En Irán, le cortarán a un ladrón los cuatro dedos de la mano derecha en aplicación del Código Penal Islámico, según informa la agencia Mohabat News que, sin embargo, guarda silencio sobre qué dedo ha sido indultado. También en la República Islámica de Irán, las mujeres no cesan de ser pateadas, vejadas y detenidas por el hecho de no cubrirse con la preceptiva sábana negra, aunque si acuden a la Feria del Libro de Teherán ataviadas con la mortaja islámica son obsequiadas con flores y singular galantería.

Pero en las naciones islámicas los viriles muslimes no sólo se dedican a poner los pies y las manos en las personas de las mujeres, por supuesto, ya que entre amputaciones, decapitaciones y despedazamientos hay siempre un momento para el solaz  de los varones, como se observa en el vídeo en el que aparece un menor bailando de manera provocativa ante un estregado público masculino.

VÍDEO.

Si Mahoma prometió a algunos de sus seguidores que en el Paraíso “serían atendidos por jóvenes inmortales (..) puros como perlas ocultas”, el poeta Abu Nuwas de manera más directa escribió: ¡Oh, la alegría de la sodomía! Entonces ahora sed sodomitas, vosotros los árabes. No la rechacéis, porque en ella el placer es maravilloso. Tomad a un chaval tímido con rizos y montadlo mientras él permanece de pie al igual que una gacela frente a su pareja.
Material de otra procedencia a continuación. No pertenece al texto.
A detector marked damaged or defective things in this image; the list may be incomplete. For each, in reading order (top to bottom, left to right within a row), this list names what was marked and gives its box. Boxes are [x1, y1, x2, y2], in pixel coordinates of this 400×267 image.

Un chaval al que todos vean ciñendo su espada y cinturón, y no como vuestra puta que tiene que usar el velo. ¡Dirigíos a los muchachos  de piel suave y haced lo posible para montarlos, porque las mujeres son la cabalgadura de los demonios”.

Aficionados a la alegría de la sodomía fueron Mehmed, el conquistador de Constantinopla, y Abderramán III, poseedor de un harén masculino, que torturó y asesinó a Pelayo cuando éste contaba con 10 años de edad. San Pelayo, sobrino del obispo de Tuy, murió en el año 925 por negarse a complacer los deseos sexuales del califa. También en El collar de la paloma, de Ibn Hazan, se encuentran relatos sorprendentes sobre hombres sabios y virtuosos que se deleitaron con la alegría de la sodomía en Al-Andalus, el Paraíso perdido de los hijos de Alá.
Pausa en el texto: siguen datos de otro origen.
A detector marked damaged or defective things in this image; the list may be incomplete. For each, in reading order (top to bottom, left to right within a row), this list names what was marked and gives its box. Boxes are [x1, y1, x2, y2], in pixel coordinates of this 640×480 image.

Han pasado los siglos, pero en la sociedad mahometana persisten los viejos y eternos vicios: las más repugnantes prácticas sexuales pedófilas con menores de ambos sexos y una sorprendente doble moral respecto a la homosexualidad . Pero también  han sido resucitadas en los últimos años las tradiciones islámicas más crueles y salvajes como la lapidación y las amputaciones de miembros. Y a los predicadores agarenos del odio, la intolerancia y el crimen los tenemos ya en nuestra casa, donde exigen su “derechos” a subsidio y mezquita.